Along with well-heeled high school and college students, I was a big fan of the site. Answers were usually complete, well researched, and well written. But quality isn't always rewarded on the Internet. Google just couldn't compete with Yahoo Answers, a free service that relied not on paying customers, but on a mammoth and loyal Yahoo community. Google's official Google Answers response to the question "What has happened to Answers?" is "There is no answer at this time." Google may not be accepting your questions, but you can still search the database of answers.

Google Coupons: Expires 2006

It almost seems as if Google Coupons is Google's equivalent to a white rhino--they both exist but few have seen one. Google Coupons is a feature within the Google Local Business Center service that allows companies to create Web-based coupons and display them within Google Maps.

The idea behind Google Coupons is that when you are searching for a local business using Google Maps, a local company can deliver a coupon enticing you to do business with it. The coupon would be displayed next to the Google Map and could be printed out and redeemed.

It's a nifty idea, but as an avid user of Google Maps, in the two years Google Coupons has been available I've never come across one when using a map. Have you?

Google Hangs Up On Google Voice Search

From the Google department of way-before-its time came Google Voice Search. The service, which was originally an experiment within Google Labs, was launched in 2003 and worked like this. First, visit the Google Voice Search site. Next, call the phone number on the screen and speak your keyword search query. Then go back to your browser, click on the link on the Google Voice Search site, and bingo, a window with the search results appears.

No wonder this service got nixed. Searching the Web like this is comparable to calling up your brother-in-law to drive across town and brush your teeth for you before you go to bed. On the other hand, this cool technology experiment was a precursor to mobile phone services of today such as ChaCha and Google's own, very handy Google 411 service.

Google Viewer: I'm Not Seeing It

The idea behind the Google Viewer software program was that you could type in a query, press submit, and then sit back and watch as it loaded actual Web pages that it found. Next, Google Viewer displayed the results to you as a slide show. The program, which PC World reported on in 2002, was eventually abandoned.

The idea of sneaking a peak at a Web page before clicking on the link eventually came to fruition--it just didn't require a software download to do it. Today you can preview pages in search results delivered by Ask.com, Powerset, and Yahoo, no application required.

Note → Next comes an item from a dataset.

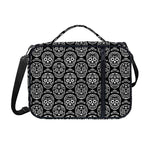 Black And White Calavera Skull Print Shoulder Strap Bible Bag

eBay Users Check In, But They Don't (Google) Checkout

In June 2007 thousands of eBay loyalists descended on Boston for eBay's annual sellers convention. And in hopes of promoting its new Google Checkout payment system--which would be competing directly with eBay's Paypal subsidiary--Google organized a party to be held during the eBay show, inviting eBay sellers to attend. In addition, the Google party was supposed to be a protest against eBay for barring merchants from using Google Checkout.

When eBay got wind of Google's plan, it promptly cancelled all of its U.S. ads running on the search engine for more than a week. At the time, eBay was the single largest buyer of search ads on Google.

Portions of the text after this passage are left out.